This is a great example of exactly what Kant means by the term 'Transcendental philosophy'. According to Kant (see the chapter titled 'Transcendental Aesthetic' in *The Critique of Pure Reason'), the true aim of philosophy is to understand a thing, not by analyzing that thing itself (for this is the role of science) but by thinking about what it is that the existence or possiblity of that thing presupposes.

In the Transcendental Aesthetic, Kant shows that space is the form of appearances and time is the form of (inner) experience. They are both required in order for any experience to be possible. So you are right in noting that

Even when viewing rhapsodies or kaleidoscopes, do not humans interpret them spatially and temporally?
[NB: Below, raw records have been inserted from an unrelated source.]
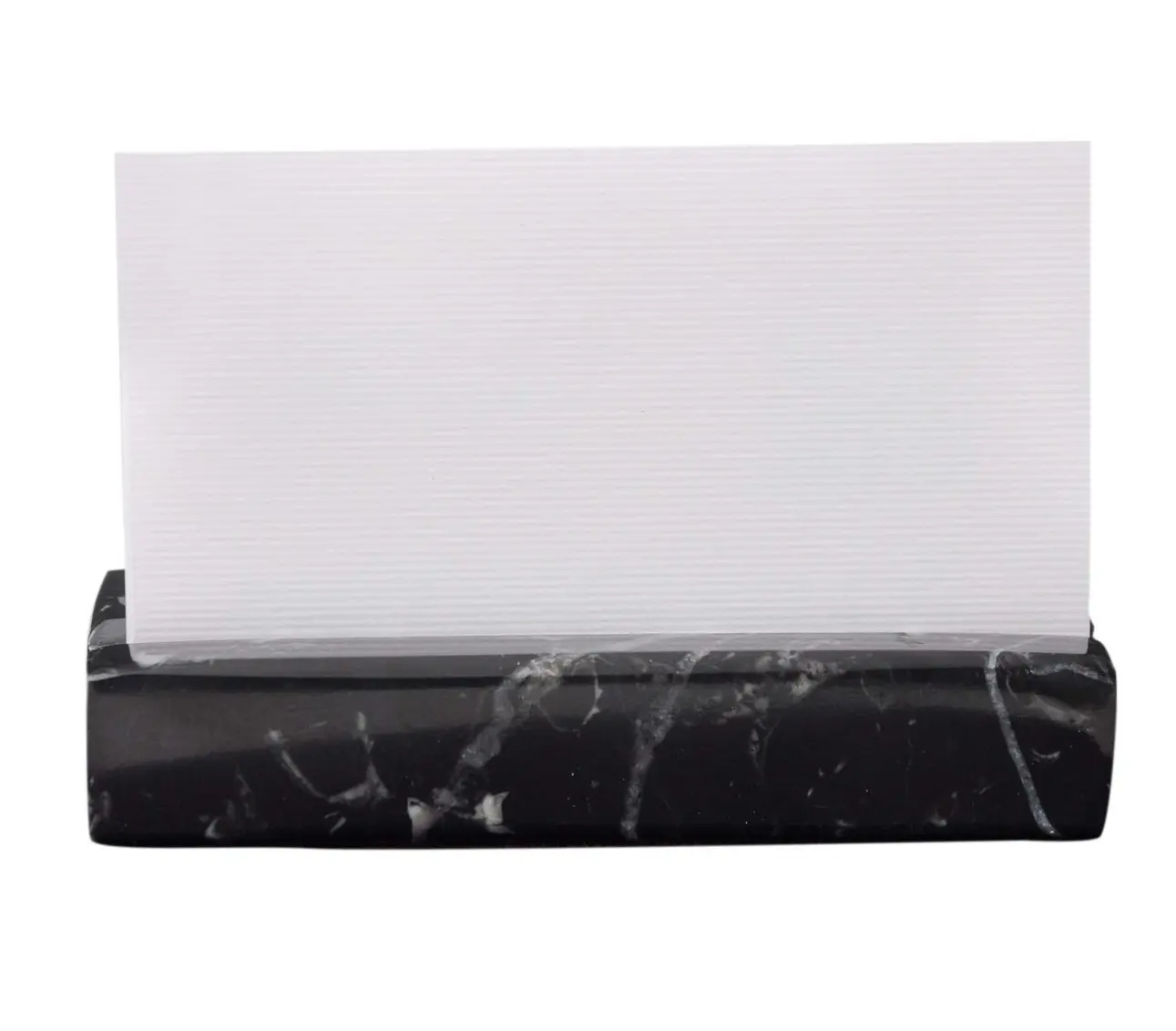 most selling marble card holder Handmade Polished Wedding Table Desktop Memo marble card holder best price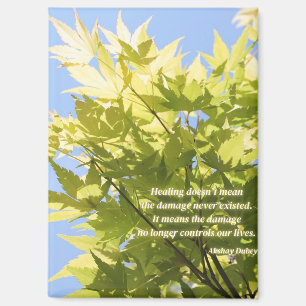 Aimant arbre de guérison, citation inspirante -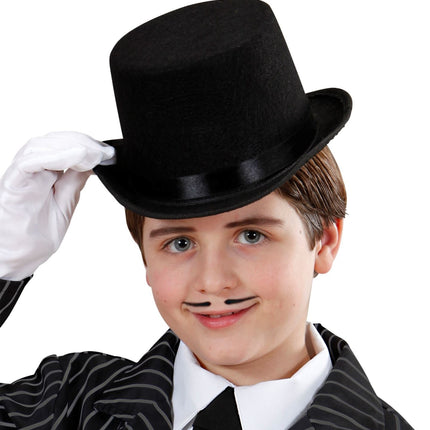 Sombrero Negro Niño Alto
The precise relationship between perceptions and space and time (or perhaps more accurately, experience and space and time) is in fact a logical one:

Experience is possible => Space and Time exist

where the '=>' means logical implication. So, if we can grant that we can have experience, then we can conclude that Space and Time exist and pre-exist things or actual bodies, which was quite a novel concept at the time, as space (following Leibniz) was considered to be nothing other than a relationship between bodies.

In regards to the second question about the distinction between 'mental pictures' and 'organizing principle or rule': the author seems to be getting at Kant's distinction between intuition and concepts. Intuitions are original and relate directly to appearances, being caused by sensation of them. Concepts, on the other hand, are derivative and are derived from intuitions.